** BRIEF **
Every line of the listing below should be written out exactly, minus its images.

** DATASET SECTION **
- - - - -

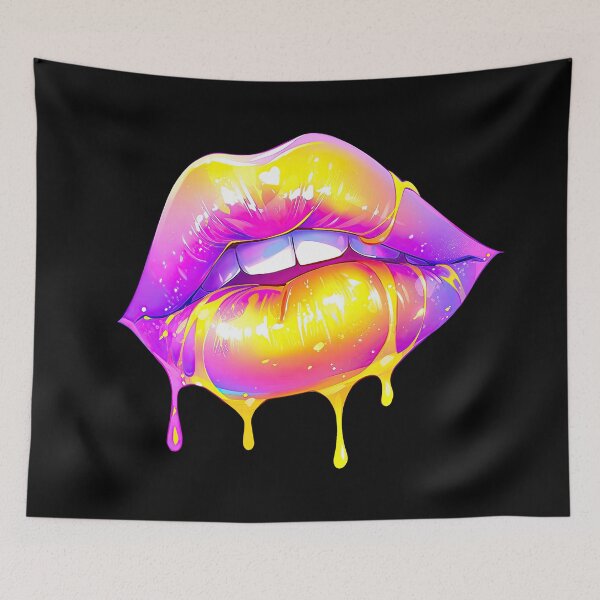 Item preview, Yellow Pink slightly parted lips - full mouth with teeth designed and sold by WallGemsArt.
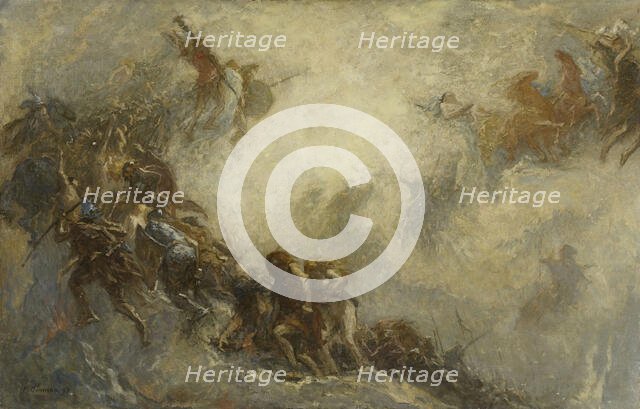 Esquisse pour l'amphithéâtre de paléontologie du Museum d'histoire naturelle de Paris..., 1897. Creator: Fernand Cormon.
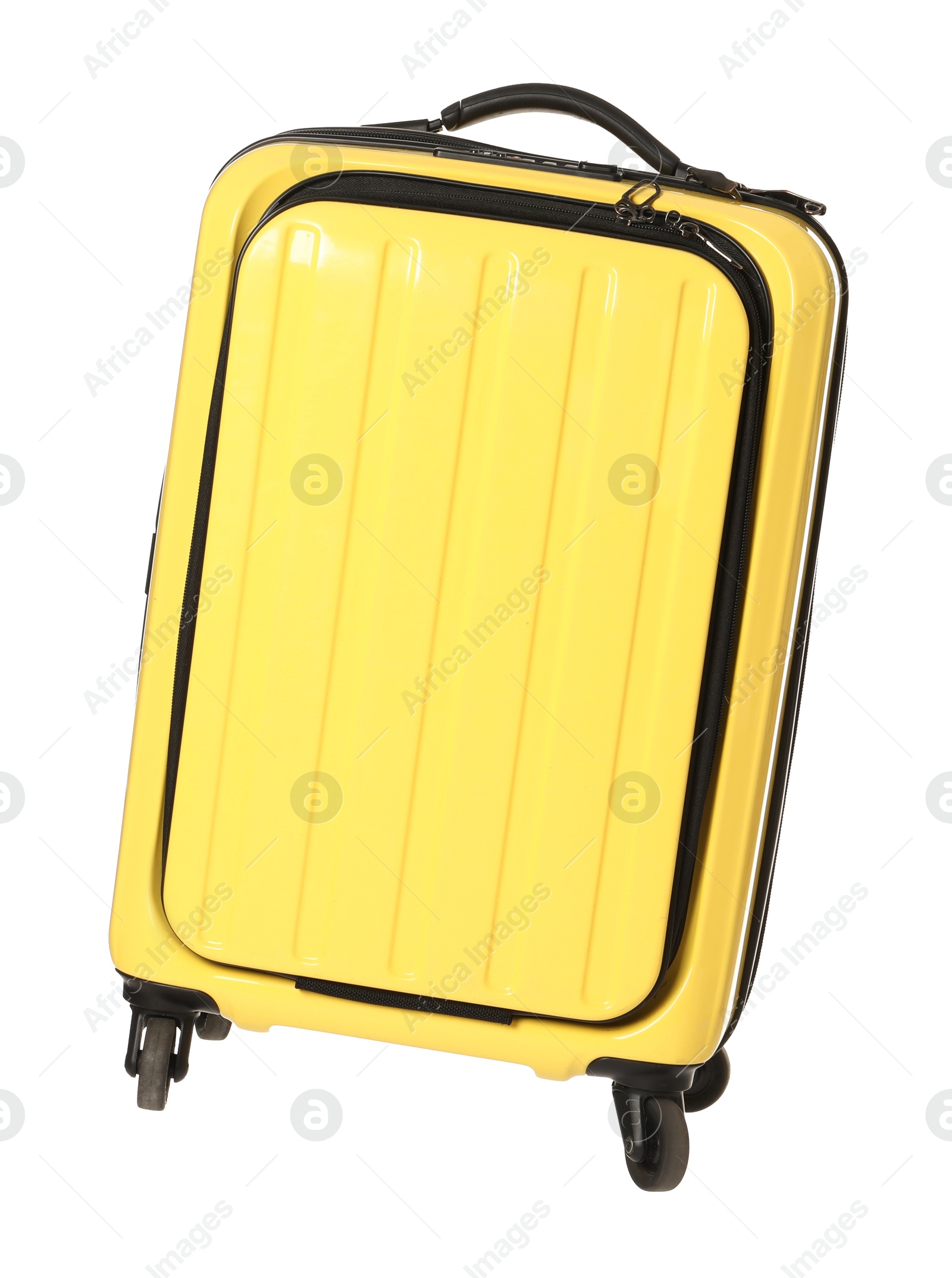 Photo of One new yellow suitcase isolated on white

- - - - -

** ANSWER TO THE EXERCISE **
 Item preview, Yellow Pink slightly parted lips - full mouth with teeth designed and sold by WallGemsArt.
 Esquisse pour l'amphithéâtre de paléontologie du Museum d'histoire naturelle de Paris..., 1897. Creator: Fernand Cormon.
 Photo of One new yellow suitcase isolated on white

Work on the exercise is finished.